WHAT IS REQUIRED:
Down to the last line, repeat the entries exactly and drop any image.

___ RECORDS FOR THE TASK ___

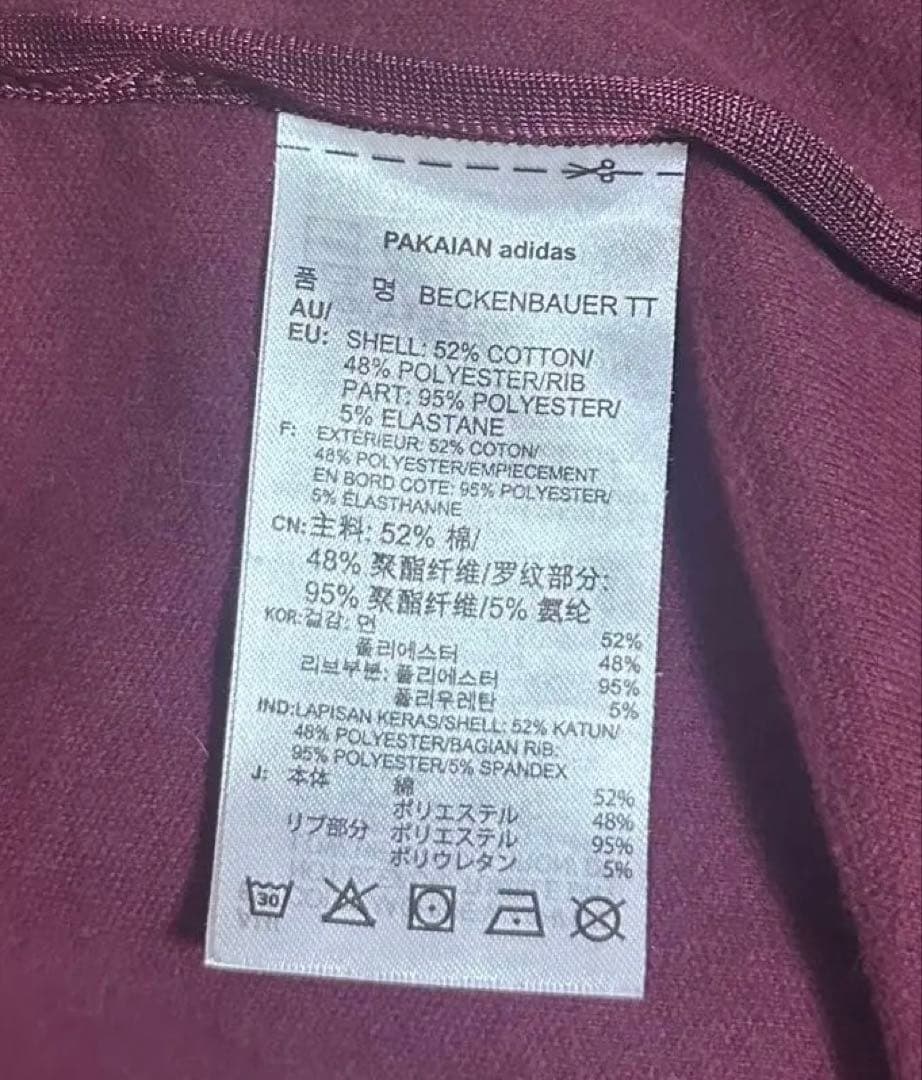 adidas Originalsトラックジャケット ベッケンバウアー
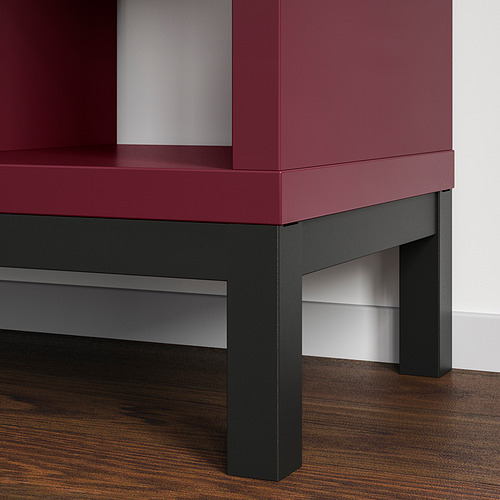Measurement Illustration - KALLAX shelving unit with underframe
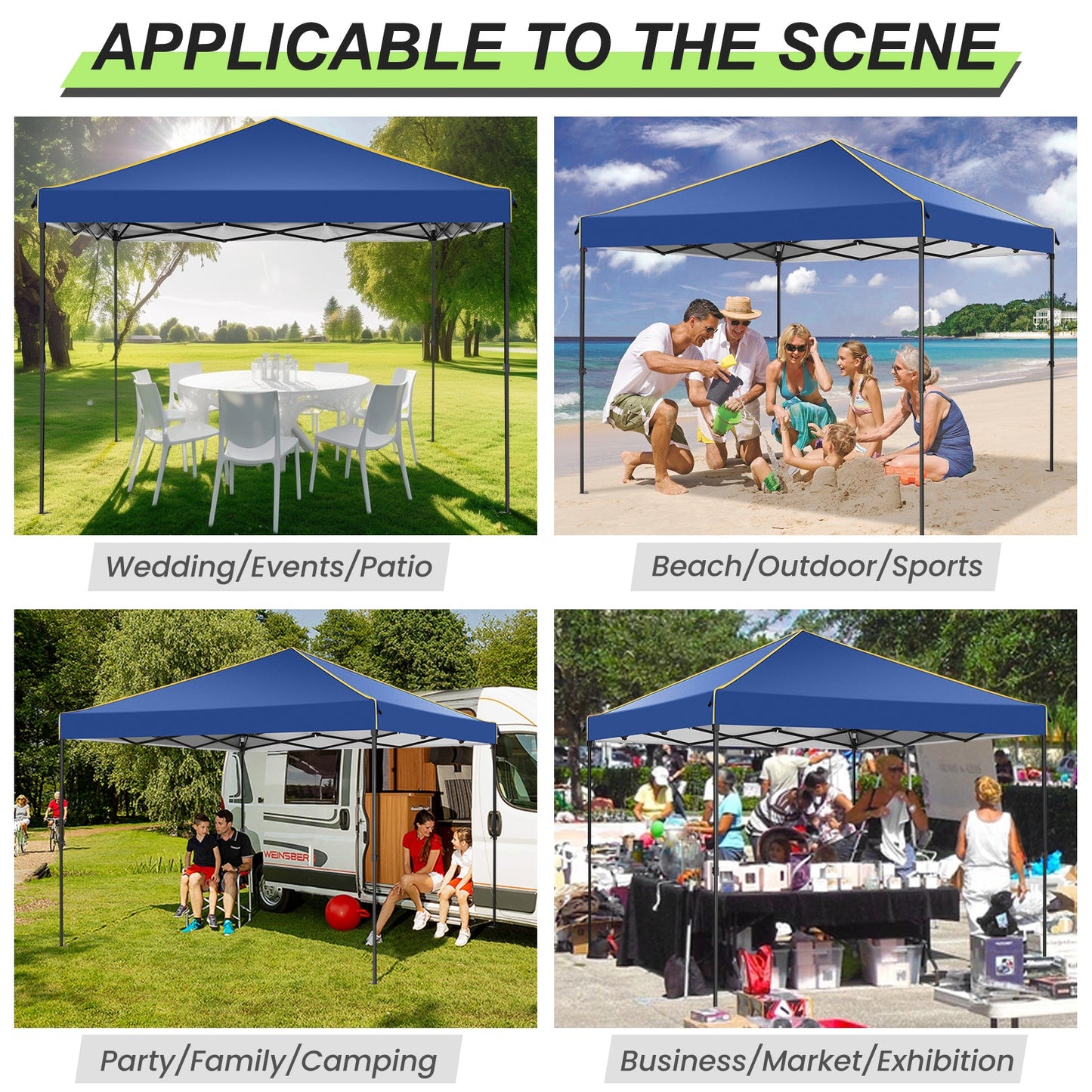 10' x 10' Outdoor Canopy Party Tent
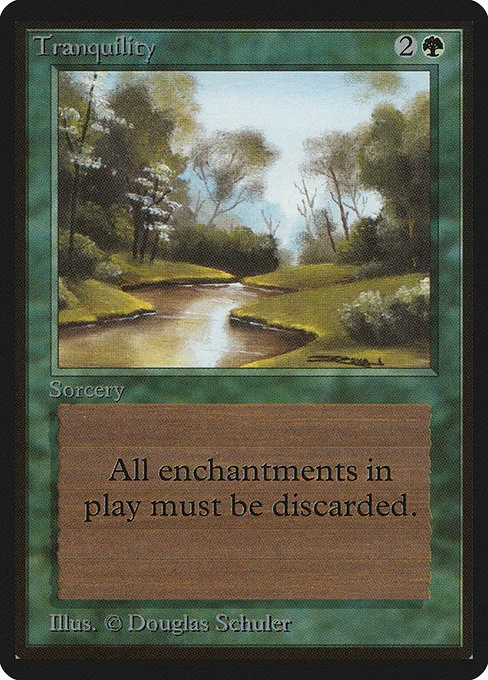 Tranquility · Limited Edition Beta 221/302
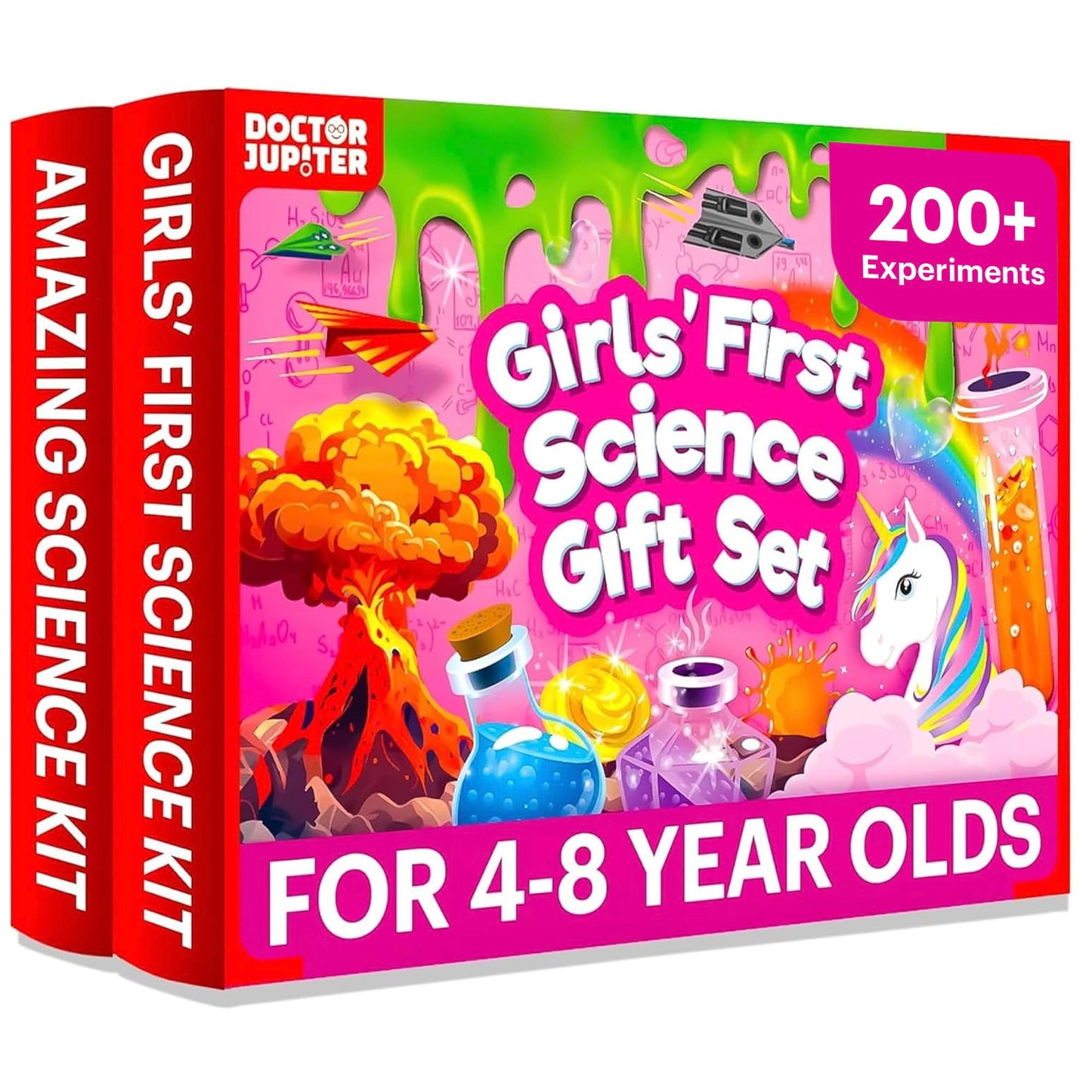 Doctor Jupiter Girls’ First Science Gift Set for Ages 4+ | Set of Girls' First Science Kit & Amazing Science Kit |Birthday Gift Ideas for 4-5-6-7-8 Year Olds |STEM Learning & Education Toys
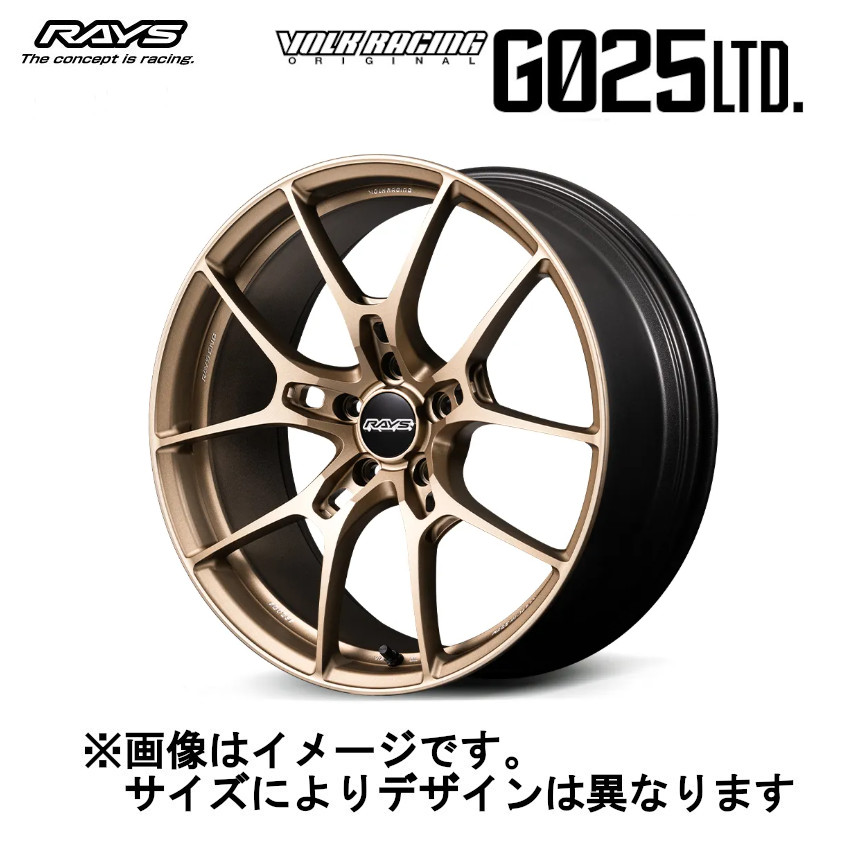 RAYS レイズ ボルクレーシング G025 LTD. 5/114.3 18x9.0J +33 マット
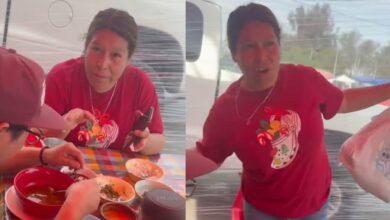 Photo of “Lady Pancita”: se come un plato de menudo y se niega a pagarlo, desatando polémica en redes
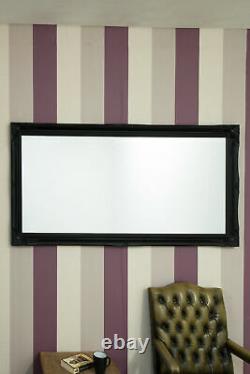 Extra Large Mirror Full Length Black Wall Antique 5Ft6 X 2Ft6 165cm X 75cm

___

SOLUTION FOR THIS PROBLEM:
 adidas Originalsトラックジャケット ベッケンバウアー
Measurement Illustration - KALLAX shelving unit with underframe
 10' x 10' Outdoor Canopy Party Tent
 Tranquility · Limited Edition Beta 221/302
 Doctor Jupiter Girls’ First Science Gift Set for Ages 4+ | Set of Girls' First Science Kit & Amazing Science Kit |Birthday Gift Ideas for 4-5-6-7-8 Year Olds |STEM Learning & Education Toys
 RAYS レイズ ボルクレーシング G025 LTD. 5/114.3 18x9.0J +33 マット
 Photo of “Lady Pancita”: se come un plato de menudo y se niega a pagarlo, desatando polémica en redes
 Extra Large Mirror Full Length Black Wall Antique 5Ft6 X 2Ft6 165cm X 75cm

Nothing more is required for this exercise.